Lin is a graduate student in the Computer Science Department at Carnegie Mellon University, where he is advised by Andy Pavlo. His research interest includes database systems, data management, and machine learning.
He obtained his Bachelor's degree in Peking University, majoring in Computer Science and Technology. In PKU, he worked on data and information management with Prof. Bin Cui.
Database management systems (DBMSs) are notoriously difficult to deploy and administer because of their long list of functionalities. If a system could optimize itself automatically, then it would remove many of the complications and costs involved with its deployment. Most of the advisory tools built by researchers and vendors are incomplete because they require humans to make the final decisions about any database change and only fix problems after they occur.
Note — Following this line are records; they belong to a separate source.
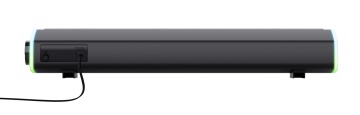Soundbar Trust GXT 620 Axon, puetere (RMS) 6W, frecventa 20 Hz - 20.000 Hz, audio input 3.5mm (1.4m), iluminare RGB, alimentare prin USB, negru - Img 6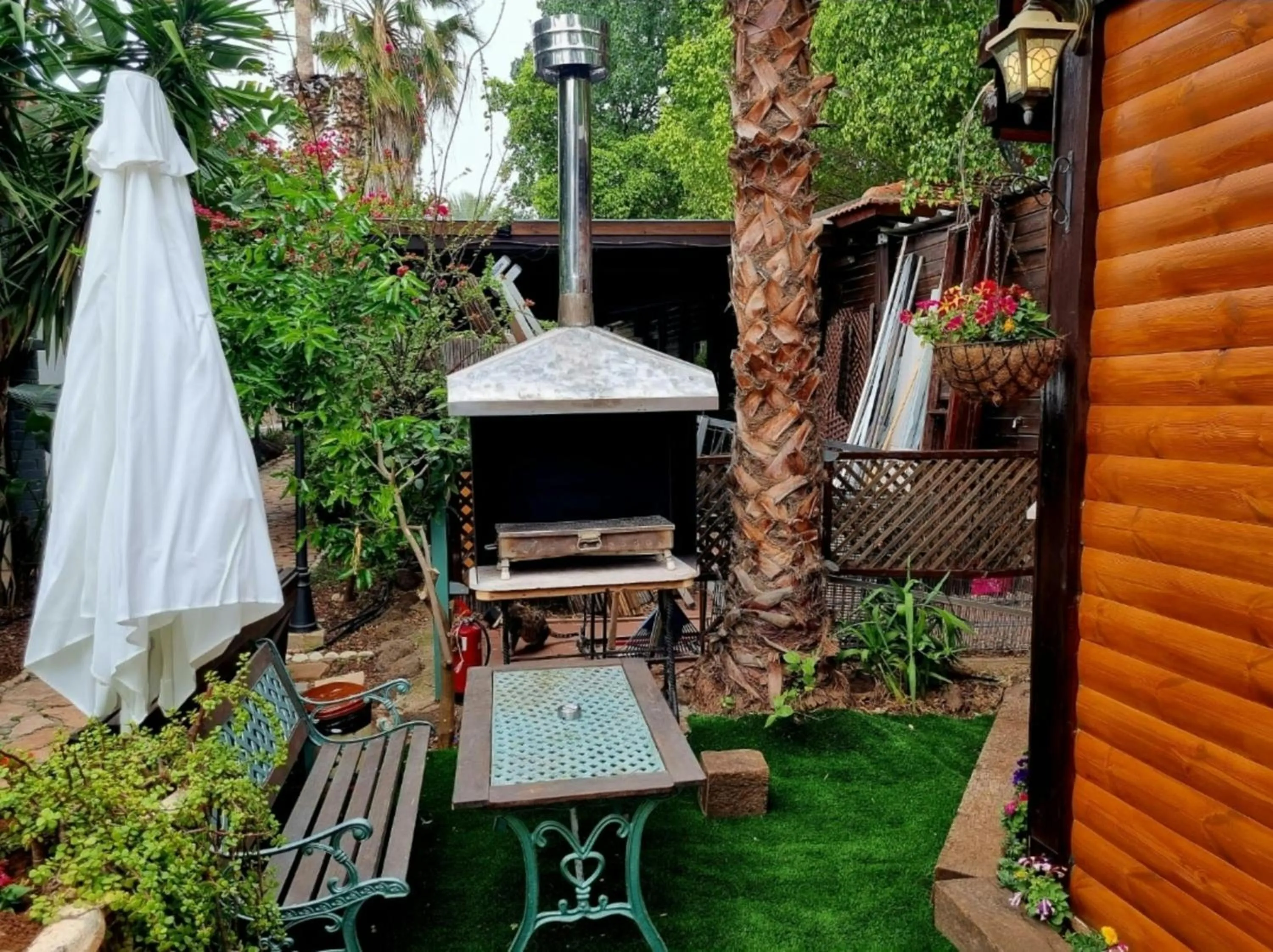 BBQ facilities in The Pearl of the Golan - Pnina BaGolan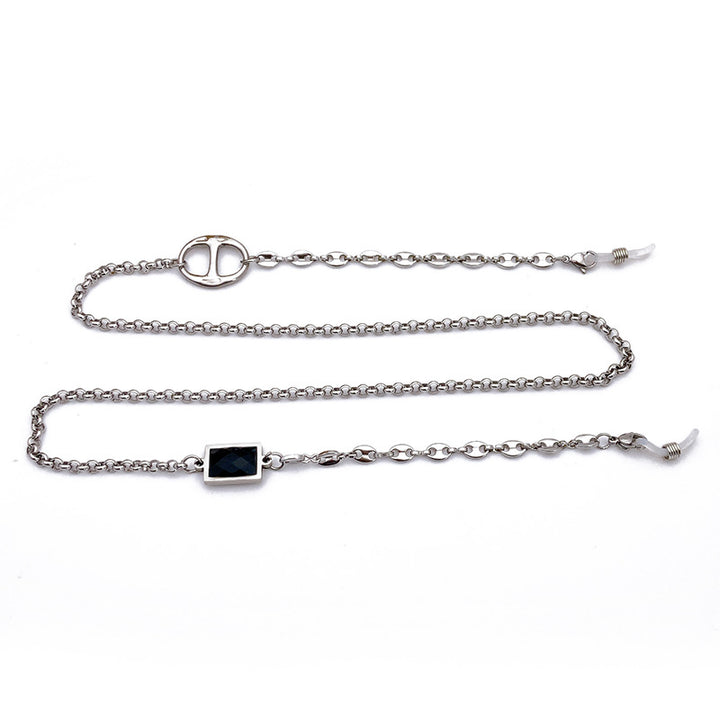 Elegant glasses holder chain with noble pendant Kalsten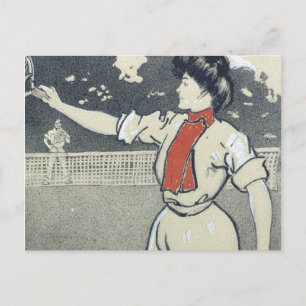 TOP Tennis Girl Postkarte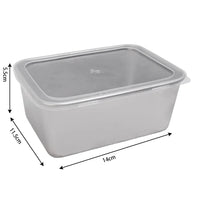 Flexi Maison Boîte Repas A Emporter Sans Couvercle Rectangulaire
Recent work has proposed "self-driving" DBMSs that optimize the system for both the application's current workload, as well as the expected workload in the future. These systems will support existing tuning techniques and capacity planning without requiring a human to determine the right way and proper time to deploy them.
The first step towards such an autonomous DBMS is the ability to model and predict the target application's workload. In this talk, I present a robust forecasting framework called "QueryBot 5000" that we designed for self-driving operations. The framework integrates with any DBMS to predict the expected arrival rate of queries in the future based on historical data. It then provides multiple prediction horizons (short- vs. long-term) with varying aggregation intervals. I also discuss our vision and progress on how a self-driving DBMSs uses these forecast models to optimize its performance.